ASCOT5 is a test-particle orbit-following code for solving minority species’ distribution functions, transport, and losses in tokamaks and stellarators. For questions related to the code or physics, please join our Slack channel.
Getting started
Follow the installation instructions and compile the code.
Have some quality time by going through the introductory simulation.
Familiarize yourself on how to generate inputs that you need, execute simulations, and post-process the results. Here the examples and the physics documentation as well as the Python API are good sources of help.
At some point you might also want to publish your work or contribute to the code.
Features
ASCOT5 is a test-particle orbit-following code for computing particle orbits in 3D geometry. The output includes particle orbits, phase-space distributions, transport coefficients, and wall loads. ASCOT5 is frequently applied to study fast ions, impurities, neutrals, and runaway electrons in tokamaks and stellarators. Particle orbits are either solved fully, i.e. including the gyro-motion, or in a reduced picture where only the guiding-center trajectory is traced. The code is extensively parallelized and optimized to support simulations with more than ten million markers.
The code is implemented in C and consists of a main program and a library. Simulation input and output is stored in HDF5 format. All pre- and post-processing is done via the Python interface a5py. In addition the repository also contain several codes that supplement the orbit-following simulations.
The repository is maintained by Aalto University and VTT Technical Research Centre of Finland.
ASCOT5:
Can trace full gyro-orbits, guiding centers, field-lines, and neutrals.
Supports 3D tokamak and stellarator magnetic fields.
Supports 3D wall model and evaluation of particle loads on the wall.
Simulations assume test-particle approximation (no feedback from markers to backgrounds) but otherwise any type of particles can be traced.
Mainly used to study fast ions, impurities and runaway electrons.
Physics include Coulomb collisions and atomic reactions where particle charge state changes.
Simulations may include fast ion response to MHD.
Output consists of various distributions (1D-6D), marker orbits, wall loads/FILD signals, and transport coefficients.
BBNBI
Calculates beam birth profile and shinethrough from NBI geometry.
Can provide a NBI source for ASCOT5 slowing-down simulations.
AFSI
Calculates fusion product source from thermal plasma and fast ion slowing-down distributions (as computed by ASCOT5).
For fusion neutronics, AFSI can be combined with Serpent.
BioSaw
Calculates magnetic field based on a coil geometry.
Can provide a 3D field for ASCOT5 simulations.
BMC
Backward Monte-Carlo simulation tool that can be thought as a time-reversed ASCOT5.

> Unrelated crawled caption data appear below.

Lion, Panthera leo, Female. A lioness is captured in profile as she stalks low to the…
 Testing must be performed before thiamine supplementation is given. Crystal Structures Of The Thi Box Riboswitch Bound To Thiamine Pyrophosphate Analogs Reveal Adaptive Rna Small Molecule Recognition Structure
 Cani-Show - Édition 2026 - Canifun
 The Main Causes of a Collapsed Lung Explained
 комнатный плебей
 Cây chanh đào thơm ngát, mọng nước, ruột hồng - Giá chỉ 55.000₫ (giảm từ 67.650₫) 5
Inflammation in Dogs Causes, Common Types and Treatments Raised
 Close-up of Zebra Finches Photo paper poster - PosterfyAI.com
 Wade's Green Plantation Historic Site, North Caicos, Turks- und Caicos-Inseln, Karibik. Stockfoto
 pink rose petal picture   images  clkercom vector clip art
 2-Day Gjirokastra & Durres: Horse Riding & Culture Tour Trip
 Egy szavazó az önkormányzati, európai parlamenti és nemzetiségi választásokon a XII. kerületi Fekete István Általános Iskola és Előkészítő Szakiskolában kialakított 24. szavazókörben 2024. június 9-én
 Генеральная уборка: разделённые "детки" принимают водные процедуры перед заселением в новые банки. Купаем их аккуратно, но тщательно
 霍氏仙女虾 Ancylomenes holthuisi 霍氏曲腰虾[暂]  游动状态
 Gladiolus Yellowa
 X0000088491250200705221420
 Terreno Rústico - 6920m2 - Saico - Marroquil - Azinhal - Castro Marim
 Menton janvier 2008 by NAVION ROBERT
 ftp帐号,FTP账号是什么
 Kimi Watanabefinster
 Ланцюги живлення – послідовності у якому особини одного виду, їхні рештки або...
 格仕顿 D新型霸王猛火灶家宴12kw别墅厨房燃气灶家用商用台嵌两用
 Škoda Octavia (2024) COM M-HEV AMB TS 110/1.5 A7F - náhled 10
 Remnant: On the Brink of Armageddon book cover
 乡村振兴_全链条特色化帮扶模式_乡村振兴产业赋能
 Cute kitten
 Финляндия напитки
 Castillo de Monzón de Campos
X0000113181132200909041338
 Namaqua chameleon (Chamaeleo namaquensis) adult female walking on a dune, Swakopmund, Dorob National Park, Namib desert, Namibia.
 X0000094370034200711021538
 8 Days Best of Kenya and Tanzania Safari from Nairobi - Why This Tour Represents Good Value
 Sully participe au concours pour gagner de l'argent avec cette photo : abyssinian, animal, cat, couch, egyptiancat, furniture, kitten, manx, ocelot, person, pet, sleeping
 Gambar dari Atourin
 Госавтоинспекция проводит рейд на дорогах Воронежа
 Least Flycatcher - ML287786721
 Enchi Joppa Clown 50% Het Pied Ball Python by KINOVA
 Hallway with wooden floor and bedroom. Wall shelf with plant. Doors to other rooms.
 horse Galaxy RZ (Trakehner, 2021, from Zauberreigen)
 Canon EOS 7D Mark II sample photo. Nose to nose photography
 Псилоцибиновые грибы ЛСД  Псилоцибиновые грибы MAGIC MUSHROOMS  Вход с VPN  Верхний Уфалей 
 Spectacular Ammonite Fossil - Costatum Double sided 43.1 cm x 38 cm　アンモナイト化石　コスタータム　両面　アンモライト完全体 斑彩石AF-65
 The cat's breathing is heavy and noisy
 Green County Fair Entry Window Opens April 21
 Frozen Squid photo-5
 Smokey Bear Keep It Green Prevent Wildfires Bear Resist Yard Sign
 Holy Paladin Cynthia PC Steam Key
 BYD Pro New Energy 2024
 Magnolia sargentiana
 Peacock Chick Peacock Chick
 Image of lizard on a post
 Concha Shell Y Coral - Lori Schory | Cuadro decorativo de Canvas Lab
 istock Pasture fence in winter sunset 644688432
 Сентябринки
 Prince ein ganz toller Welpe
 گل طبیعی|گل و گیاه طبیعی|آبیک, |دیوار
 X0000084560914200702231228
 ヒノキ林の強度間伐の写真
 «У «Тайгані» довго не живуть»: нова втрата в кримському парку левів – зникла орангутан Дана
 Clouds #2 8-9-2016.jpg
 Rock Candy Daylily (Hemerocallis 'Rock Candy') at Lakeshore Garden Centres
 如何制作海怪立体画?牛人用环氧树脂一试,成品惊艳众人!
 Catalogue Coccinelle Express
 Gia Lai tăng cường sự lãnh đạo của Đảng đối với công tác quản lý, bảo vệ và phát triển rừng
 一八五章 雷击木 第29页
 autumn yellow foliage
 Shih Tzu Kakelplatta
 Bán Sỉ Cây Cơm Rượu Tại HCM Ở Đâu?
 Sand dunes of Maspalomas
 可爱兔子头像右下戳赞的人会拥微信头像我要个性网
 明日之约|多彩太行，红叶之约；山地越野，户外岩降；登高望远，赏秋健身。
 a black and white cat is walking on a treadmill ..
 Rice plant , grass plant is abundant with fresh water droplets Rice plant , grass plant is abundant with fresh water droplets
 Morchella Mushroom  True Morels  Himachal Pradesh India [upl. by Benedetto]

Effective tool for estimating FILD signals and wall loads on small but critical components.
Not yet fully complete.
FAQ and Troubleshooting
I’m receiving a fatal error when opening the input file in Python or in GUI
There might be compatibility issues if the file was made with an older version of ASCOT5 that you are currently using. These can be solved by running the script
a5update ascot.h5
which generates a copyascot_<current version>.h5
where the data has been updated to new format. Note that it might not always be possible to enforce the backwards compatibility on results so rerunning the simulation might be necessary.
How long does it take to run a simulation and how many markers I need
See this table for examples. Typically guiding-center simulations are faster than gyro-orbit because GC can use larger time-step. This is somewhat balanced by the fact that a single GC time-step is more expensive to perform. Therefore, there is roughly a factor of ten difference between required CPU time but this can vary. Using 3D magnetic field instead of 2D is the single most expensive choice in terms of CPU time. As for markers, the rule of thumb is that 10k - 100k markers are sufficient to get a good estimate on losses and distributions, but more than 1 million might be needed to estimate wall loads accurately. For wall loads the important factors are the size of the wall triangles and how the markers were sampled. Always perform some kind of convergence scan or otherwise estimate the Monte Carlo error.